Available data Block Start

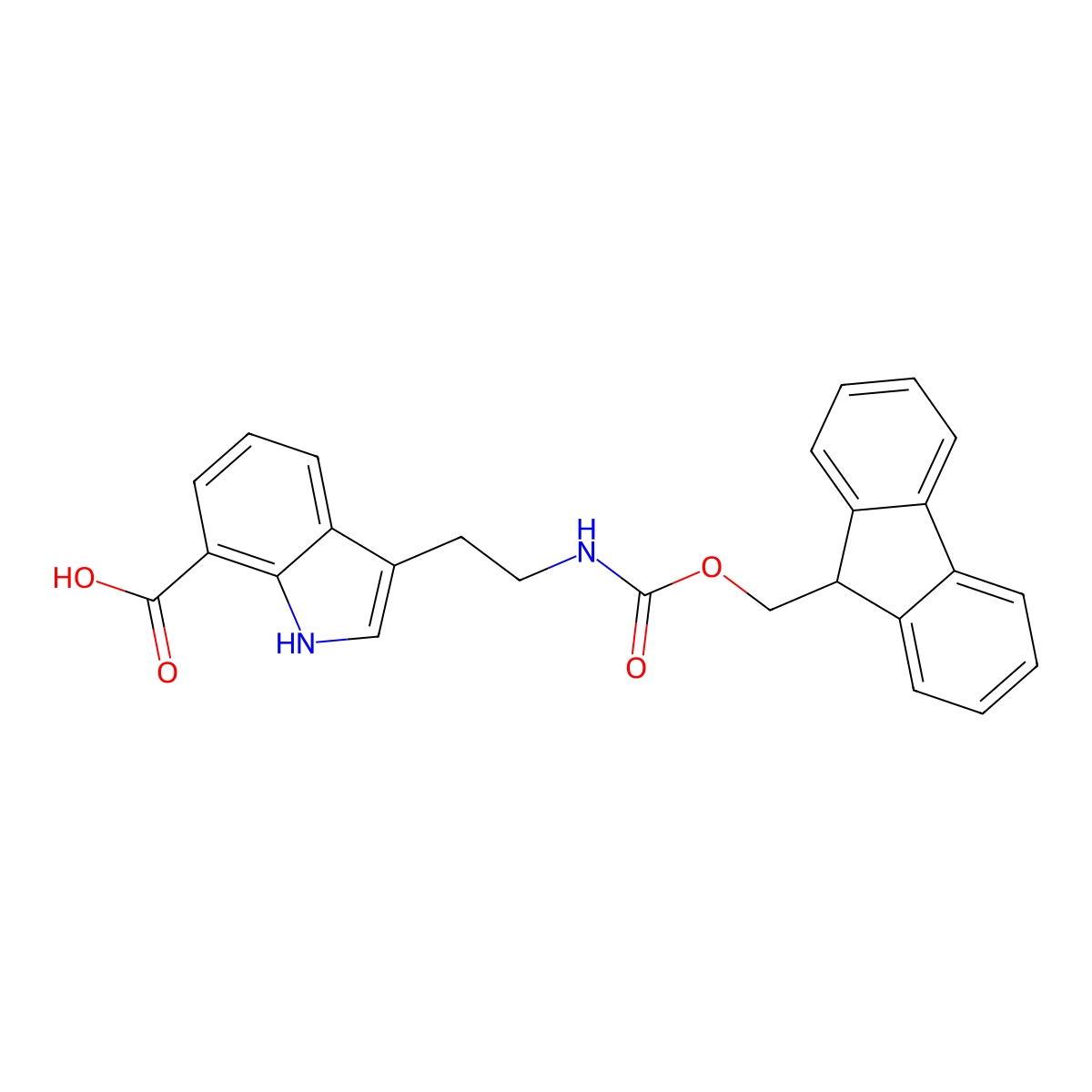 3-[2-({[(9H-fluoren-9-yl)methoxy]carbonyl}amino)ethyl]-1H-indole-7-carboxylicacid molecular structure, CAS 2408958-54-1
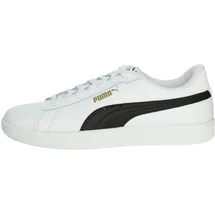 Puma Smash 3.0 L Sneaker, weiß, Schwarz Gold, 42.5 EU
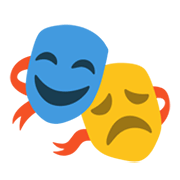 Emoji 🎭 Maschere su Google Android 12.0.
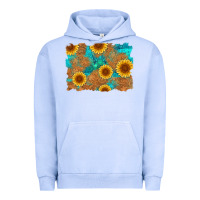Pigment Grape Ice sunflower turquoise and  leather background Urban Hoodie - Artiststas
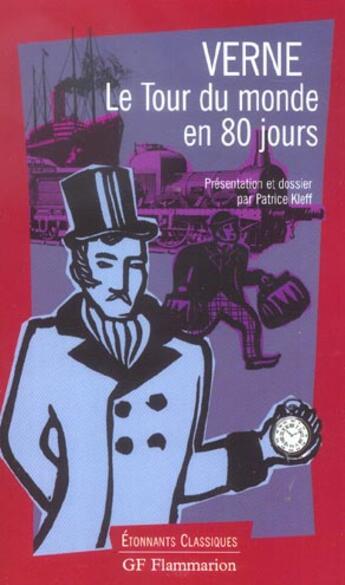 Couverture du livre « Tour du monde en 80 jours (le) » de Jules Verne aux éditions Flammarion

Available data Block End

Your task: Repeat nothing but the lines from the one containing "Puma Smash 3.0" through the end of the entries, exactly, and skip the pictures.

Solution below:
 Puma Smash 3.0 L Sneaker, weiß, Schwarz Gold, 42.5 EU
 Emoji 🎭 Maschere su Google Android 12.0.
Pigment Grape Ice sunflower turquoise and  leather background Urban Hoodie - Artiststas
 Couverture du livre « Tour du monde en 80 jours (le) » de Jules Verne aux éditions Flammarion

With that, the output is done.